2. Die Stadt Wuppertal appelliert darüber hinaus an den Landschaftsverband Rheinland (LVR), gemeinsam mit den zuständigen Entscheidungsträgern zu prüfen, ob einzelne heilpädagogische Gruppen in Kindertageseinrichtungen, auch über die derzeit laufende Übergangsphase hinaus, bestehen bleiben können, um betroffenen Eltern weiterhin die Wahlfreiheit zwischen der Betreuung ihrer Kinder mit mehrfachem Förderungsbedarf in inklusiven Gruppensettings oder in heilpädagogischen Gruppen zu ermöglichen.
Begründung:
Der Bericht des Trägers Leben in Vielfalt e.V. (LiV) zur auslaufenden Finanzierung heilpädagogischer Gruppen im Jugendhilfeausschuss am 25.10.2022 (s. auch WZ-Berichterstattung „Kommt das Ende heilpädagogischer Kitas?“) gab Anlass zur Sorge. In der LiV-Kita gibt es fünf heilpädagogische Gruppen, in denen ausschließlich Kinder mit mehrfachen Behinderungen und hohem Betreuungsbedarf (die aufgrund dessen bis zum jetzigen Zeitpunkt nicht in einer Regel-Kita betreut werden könnten) betreut werden. Neben den heilpädagogischen Gruppen gibt es auch zwei inklusive Gruppen in der Kita, in denen Kinder mit und ohne Beeinträchtigung gemeinsam betreut werden. Insgesamt zählt die Kita ca. 90 Kinder, 60 von ihnen mit erhöhtem Betreuungsbedarf. Die Kinder werden in kleinen Gruppensettings von einem interdisziplinären Team betreut, dessen fachliche Vielfalt den Bedarfen der Kinder entspricht. Weitere 80 Kinder mit Förderbedarf sind nach Angabe des Trägers auf der Warteliste.
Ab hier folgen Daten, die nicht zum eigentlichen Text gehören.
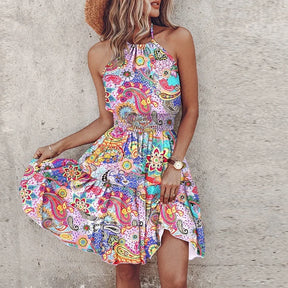 Vestido Floral de Verão Feminino
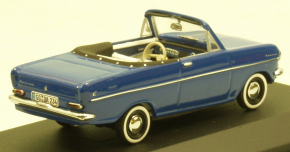 1963-1964 Opel Kadett A Convertible (body Welsch) blue 1/43 ready made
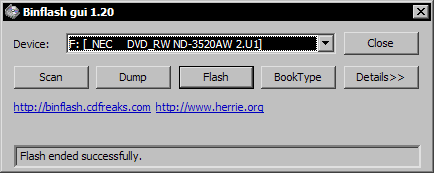 Liggy And Dee NEC ND-3520AW Modified Firmware 2.U3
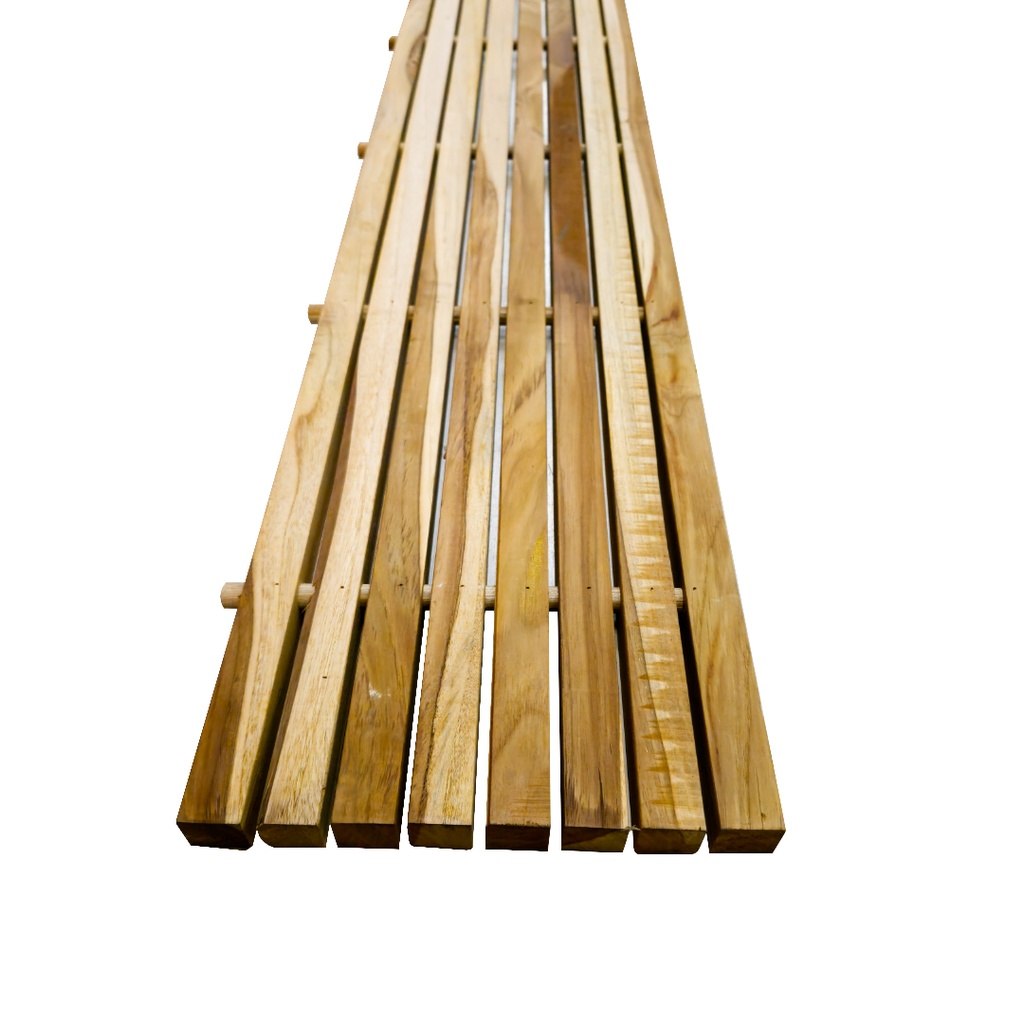 VENTWOOD GRUESO TECA 12X8'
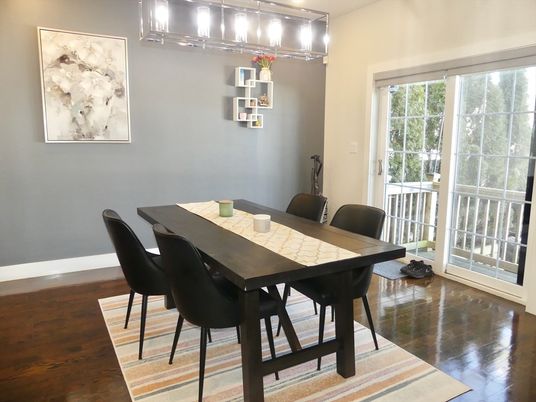 Dining room, Interior, Wood Texture Flooring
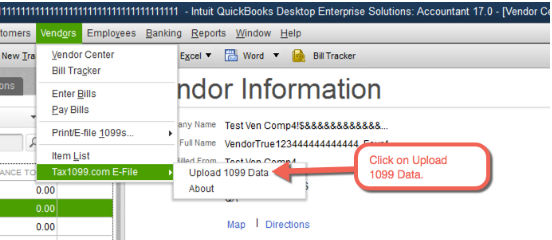 1099 E-File: QuickBooks Desktop setup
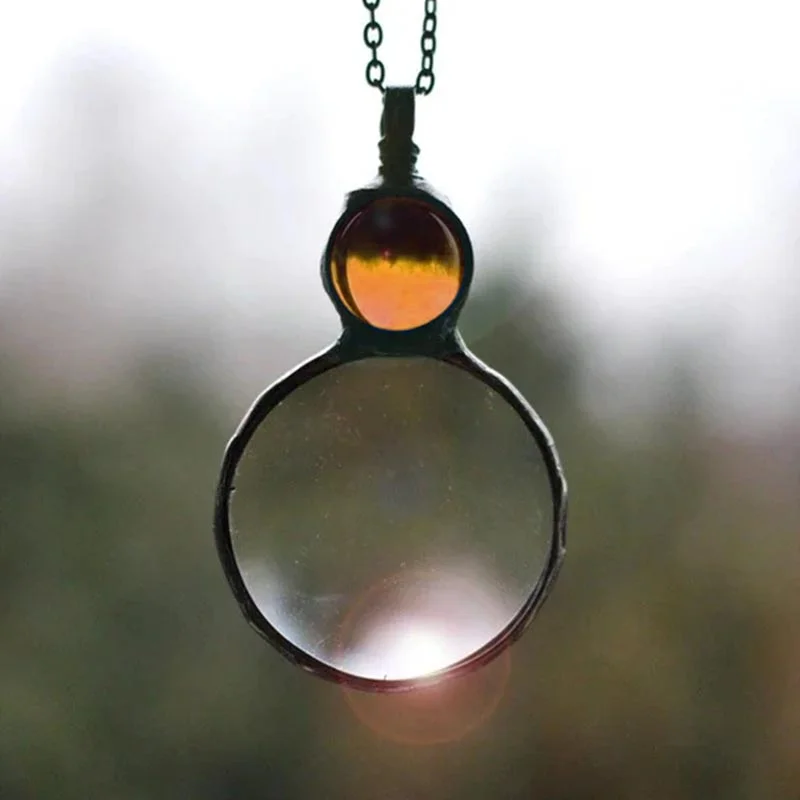 Hot Sales -Magnifying Glass Necklace Gift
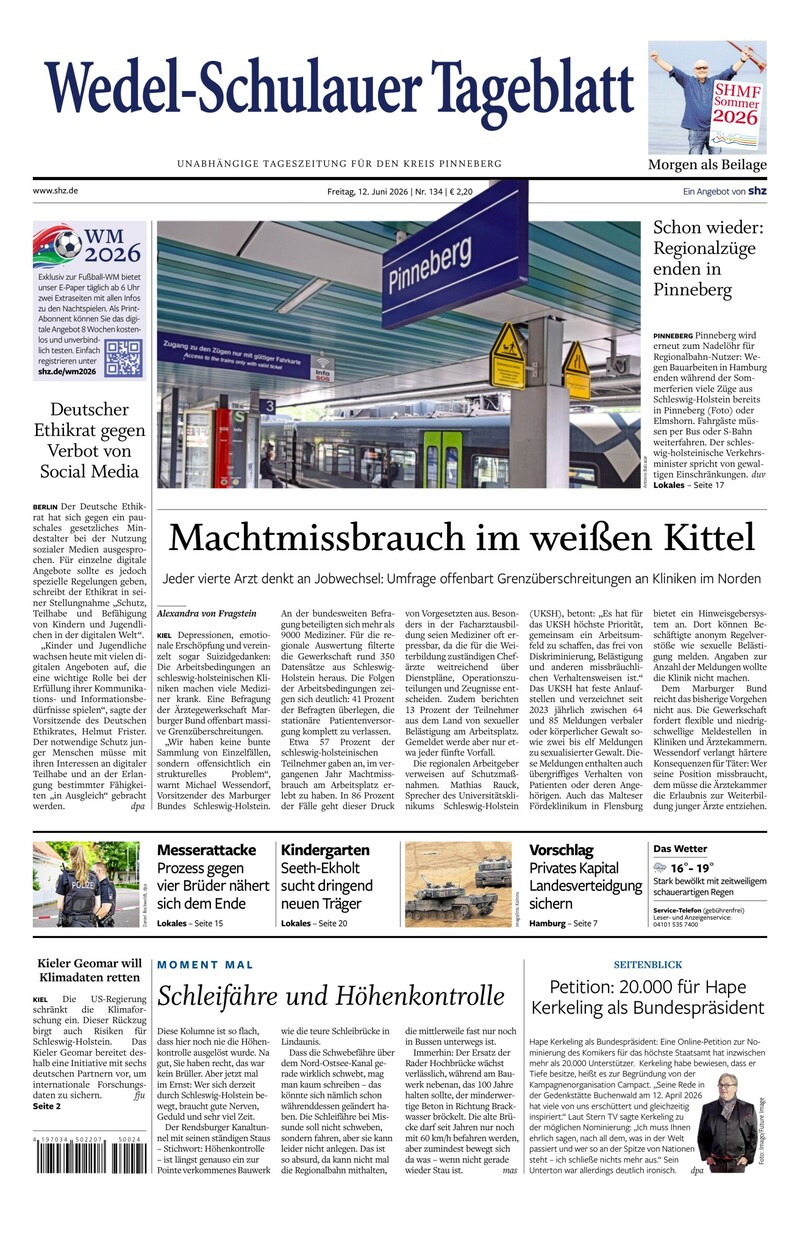 Wedel-Schulauer Tageblatt - 12.06.2026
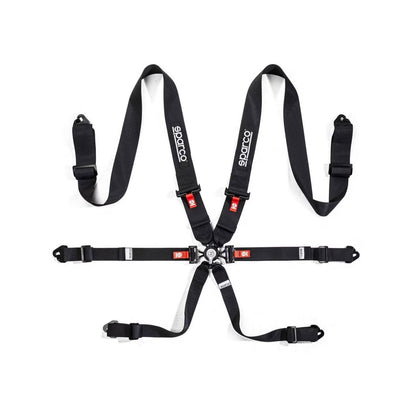 Sparco Comp H-3 Steel Racing Harness - FIA 8853-2016 - FastLap Supply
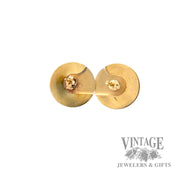 Puffed Shell 18k yellow gold earrings back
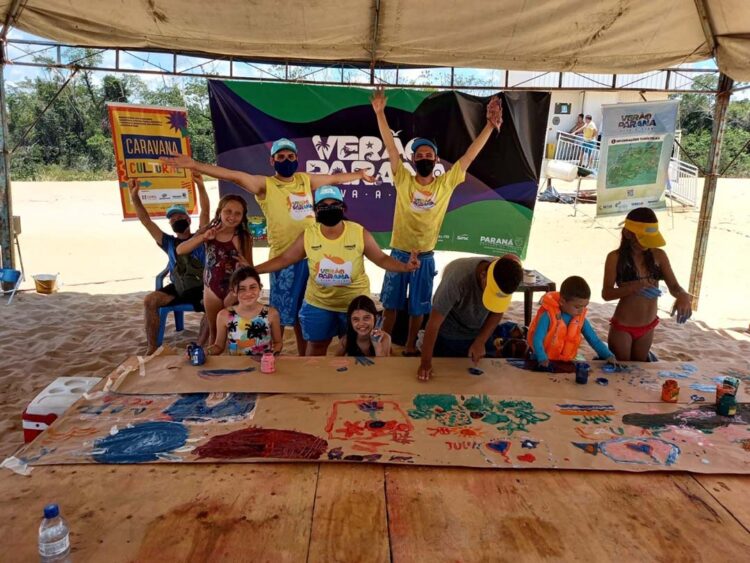 Projeto Verão Paraná Viva a Vida continua com  atividades recreativas, espetáculo circense e de dança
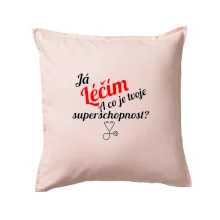 Já léčím - tvoje superschopnost? Šikmý nápis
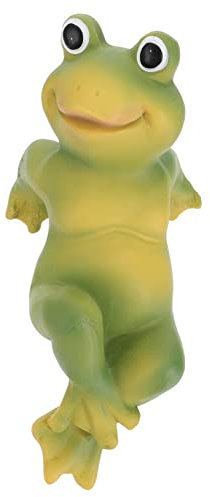 BESPORTBLE 1Stk Tierskulptur aus Harz Mini-Tierfiguren Desktop-Spielzeug Platte Tiere Modelle Spielzeuge Harzstatue Gartenschmuck Sport Frosch Zen Garten Kunsthandwerk Liebhaber Dekorationen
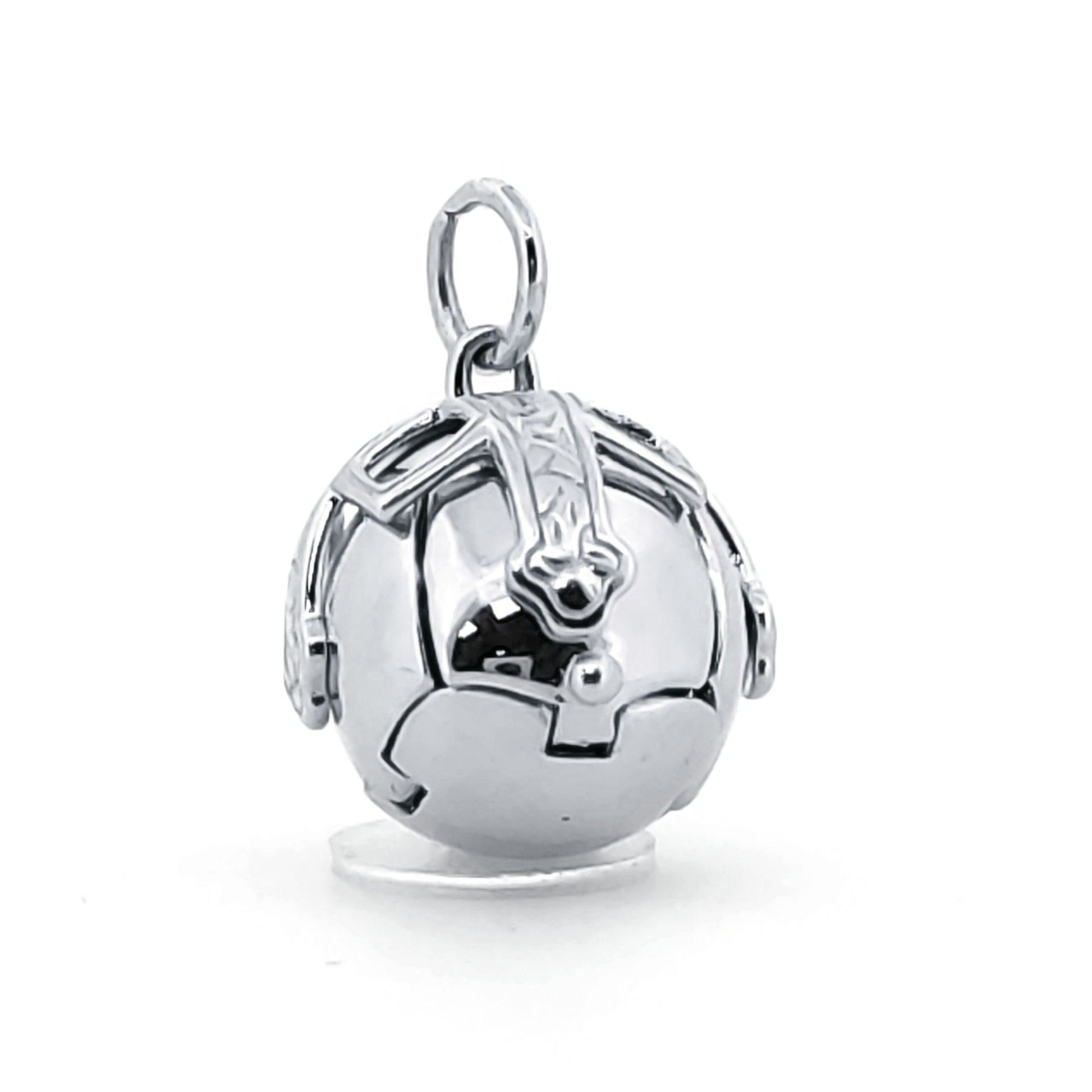 Men's Silver  Masonic Foldable Fob Orb Charm Medium 13mm Ball 40mm - AMS002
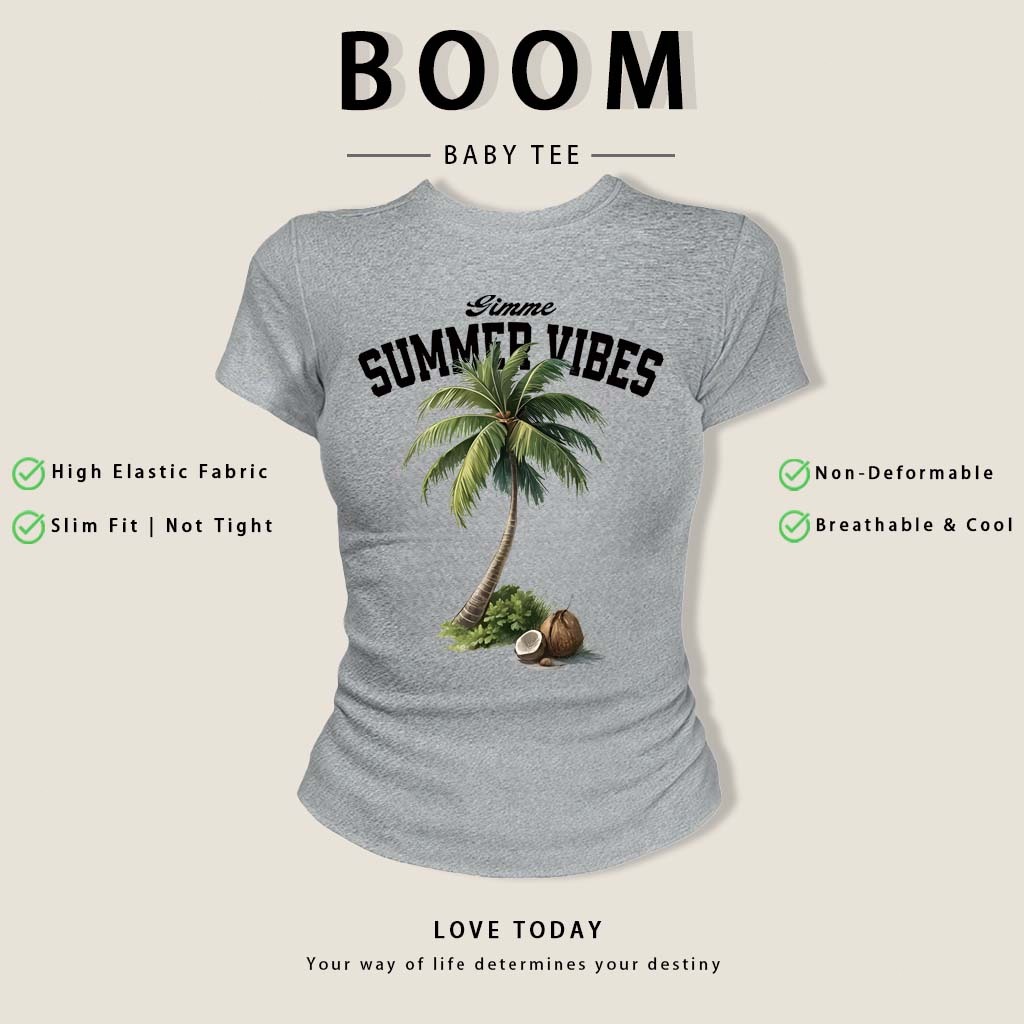 BOOM🔥 Áo Baby Tee Nữ Cotton Ôm Body-Áo Thun Ngắn Tay Y2K In Hình Phong Cách Mới Mùa Hè, Ôm Cổ Tròn Hàng Đầu phong cá #22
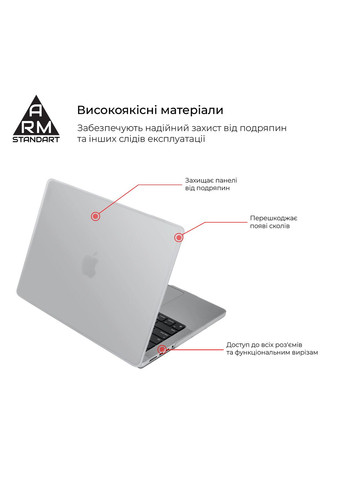 Накладка Matte Shell для MacBook Pro 14 M3/M2/M1 (A2442/A2779) 2021/2023 White (ARM61429) ArmorStandart (280438730)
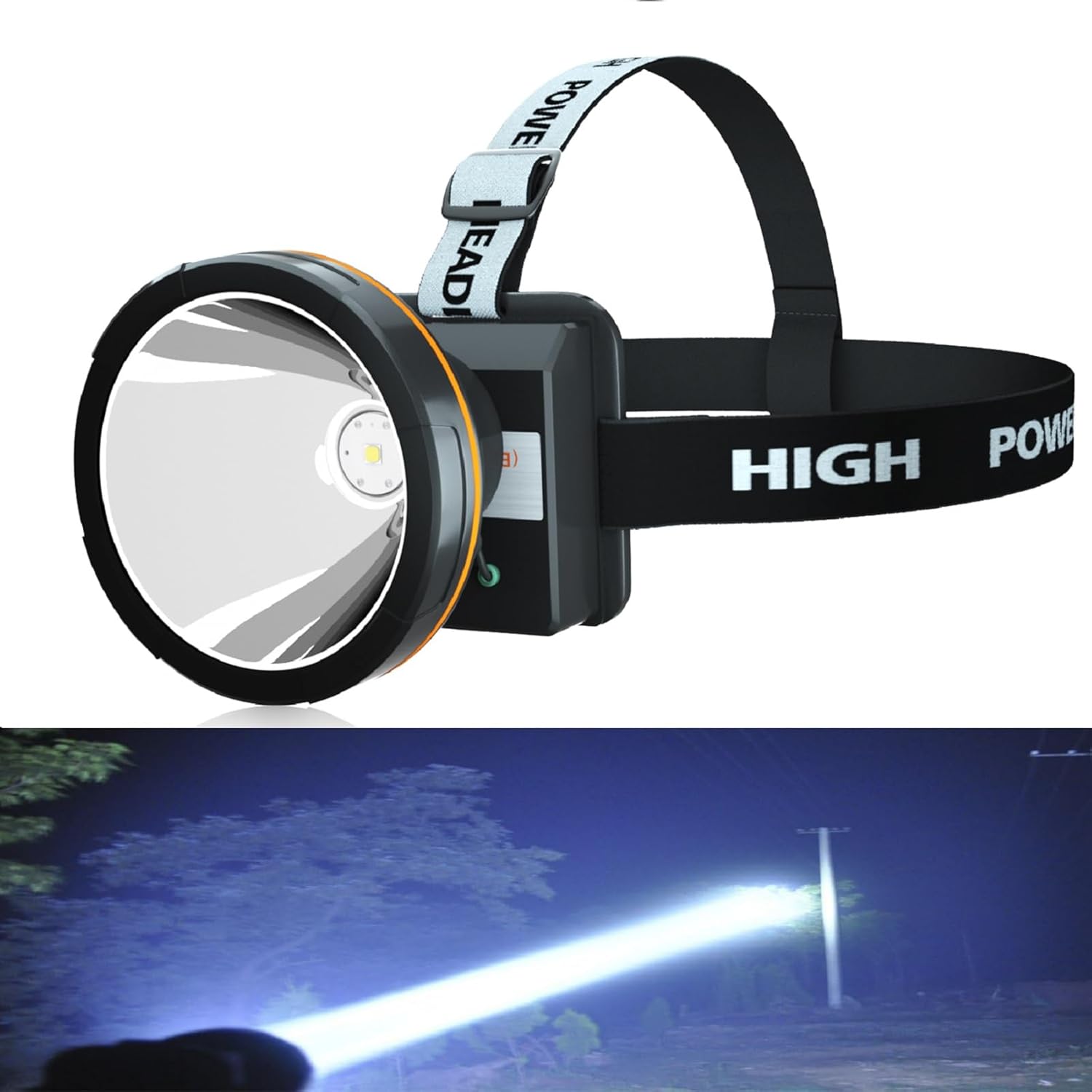 ODEAR Rechargeable LED Spotlight SharpBright Bulbs Long-Range Beam Waterproof Design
Die Sorge des Trägers ist, dass die avisierte Form von Inklusion in Regel-Kindertageseinrichtungen für Kinder mit sehr hohem Förderbedarf nicht umsetzbar sein wird, da die Bedarfe der Kinder in diesen Einrichtungen nicht beantwortet werden können. Weder existiert die notwendige Barrierefreiheit in vielen Räumlichkeiten oder wird eine Einzelbeförderung dieser Kinder zur Einrichtung gut umzusetzen sein, noch ist das Personal ausreichend befähigt, die doch sehr fachlich herausfordernden Betreuungen umzusetzen. Der Träger prognostiziert, dass diese Kinder nur in sehr zeitlich limitierten Betreuungszeiten dann in die Kitas kommen werden bzw. sogar ganz zu Hause bleiben, weil die Einrichtungen gar keinen Platz für Kinder mit sehr hohem Förderbedarf anbieten werden.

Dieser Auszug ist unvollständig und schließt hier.